No ponto ambiental, lendo em pormenor o o que se diz dos espaços verdes e jardins, verificamos que durante 2006 apenas foi construído um, mas para nosso azar, no interior de uma rotunda, em Real. É pouco, muito pouco como contributo para os objectivos da Agenda XXI Local.
Ao longo de duas páginas fala-se da Comissão de Defesa da Floresta mas, estranhamente, parece que o autor dos textos não esteve em Braga no Verão passado, não viu os fogos dentro da cidade, porque nem uma linha dedica ao assunto, quiçá de menor importância que a carreira do Sporting de Braga, essa sim com direito a menção no Relatório.

Quanto ao ponto relativo ao trânsito, não pode ser classificado de menos do que caricato, ao nomear em primeiro lugar o acesso ao Retail Park, um dos mais relevantes comprovativos de completa falta de sentido de gestão urbanística, ao não antecipar problemas que qualquer leigo curioso descortinou ao verificar que se pretendia enfiar o Rossio na Betesga. Veremos qual o resultado dessa genial solução da saída do Retail Park, justamente em cima de uma das curvas mais perigosas e acidentadas da circular.

Sabendo que os números são um tema geralmente árido para os não iniciados, não deixa de ser revelador das prioridades deste executivo uma breve análise do lado da despesa, uma vez que, como é sabido, além dos impostos municipais já referidos, pouco pode uma autarquia fazer para aumentar as suas receitas regulares. E note-se bem que falamos em receitas regulares, porque programas como o BragaDigital, que beneficiam de financiamentos específicos nacionais e europeus, poderiam ser uma fonte de financiamento melhor rentabilizada.
Sobre a receita realçamos apenas, como exemplo, que a poluição visual causada por toda a cidade, com a colocação de outdoors publicitários, não tem sequer compensação financeira, rendendo ao município uns escassos, no contexto do orçamento disponível, quinhentos mil euros. A seu tempo o Bloco de Esquerda apresentará propostas concretas para que a área urbana se torne livre desses apelos ao consumo, como já acontece, num movimento crescente em várias cidades por esse mundo fora, como é o caso recente de São Paulo.

Então sobre a despesa o que nos é dito? Que os encargos da dívida cresceram 7%, consequência natural do aumento das taxas de juro.
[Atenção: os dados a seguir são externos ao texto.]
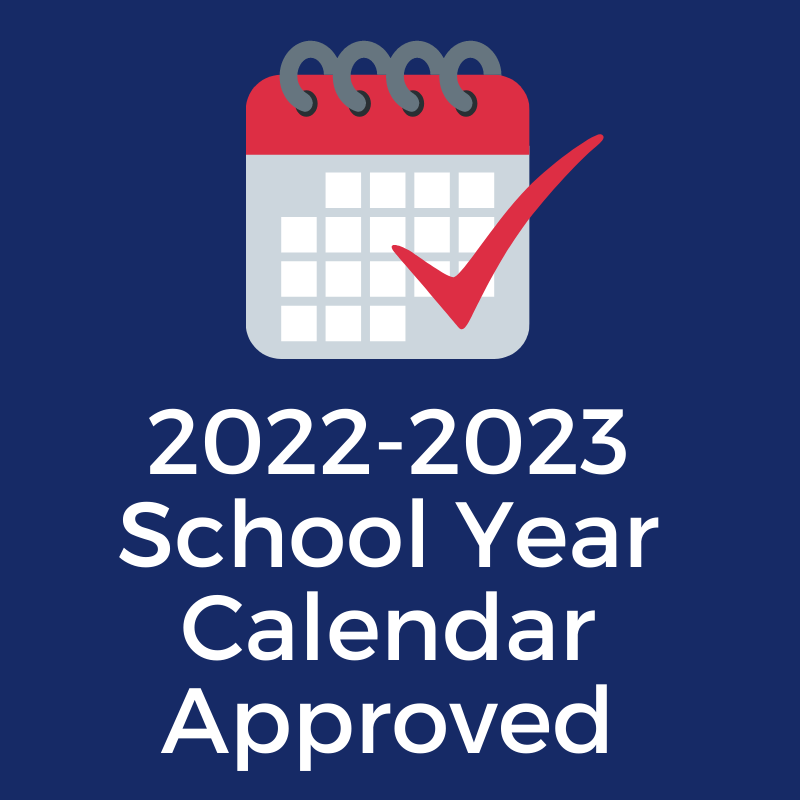 board approves calendar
É verdade, e dizemos mais, agravados pelo endividamento da Câmara, raramente por motivações louváveis.
Repare-se, como depois é escrito, candidamente, que as funções sociais são as que possuem maior peso no Plano Plurianual de Investimentos. E o que são essas “funções sociais”? 84% nos “serviços culturais, recreativos e religiosos”, uma forma eufemística de dizer que estão nas megalomanias do Theatro Circo e do Parque Norte.
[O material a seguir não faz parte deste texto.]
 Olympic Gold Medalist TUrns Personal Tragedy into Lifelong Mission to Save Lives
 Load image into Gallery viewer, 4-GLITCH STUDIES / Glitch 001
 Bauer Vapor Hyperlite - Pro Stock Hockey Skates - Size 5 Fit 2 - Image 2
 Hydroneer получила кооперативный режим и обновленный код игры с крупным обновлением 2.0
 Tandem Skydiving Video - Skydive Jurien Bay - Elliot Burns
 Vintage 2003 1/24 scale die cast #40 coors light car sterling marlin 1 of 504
Aliás, para terminar, continuamos sem resposta a uma questão simples e directa: quais são os custos anuais suportados pela Câmara na manutenção do novo estádio e quais são os custos da entidade que o utiliza praticamente a 100%?
Já sabemos que esta pergunta não vai ter resposta e, por isso mesmo, chamamos a atenção do senhor Presidente da Assembleia Municipal, para o que está escrito no Relatório de Avaliação do Estatuto do Direito de Oposição: que o direito de informação foi, e passo a citar, “concretizado nas sessões da Assembleia Municipal, no âmbito da informação por escrito pelo Presidente da Câmara acerca da actividade do Município, no período de informação destinado à prestação de esclarecimentos que os membros dos partidos da oposição entenderam formular, etc”. Então como se compaginam estas alegações com a prática do senhor Presidente da Câmara que, reportando-nos apenas ao passado mais recente, não responde a questões colocadas pelo Bloco de Esquerda, alegando não discutir empreitadas com quem delas nada sabe, ou, ainda, que os seus tempos de professor já lá vão?
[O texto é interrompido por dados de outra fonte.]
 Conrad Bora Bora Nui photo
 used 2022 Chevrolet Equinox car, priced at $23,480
Senhor Presidente da Assembleia Municipal: porque acreditamos na benéfica influência que Vª Exª pode ter sobre o seu companheiro de partido, pedimos-lhe que, se o entender por bem, promova uma sessão de reflexão conjunta, com o senhor Presidente da Câmara, sobre os valores fundamentais da democracia e os direitos das minorias e das oposições como seu componente fundamental.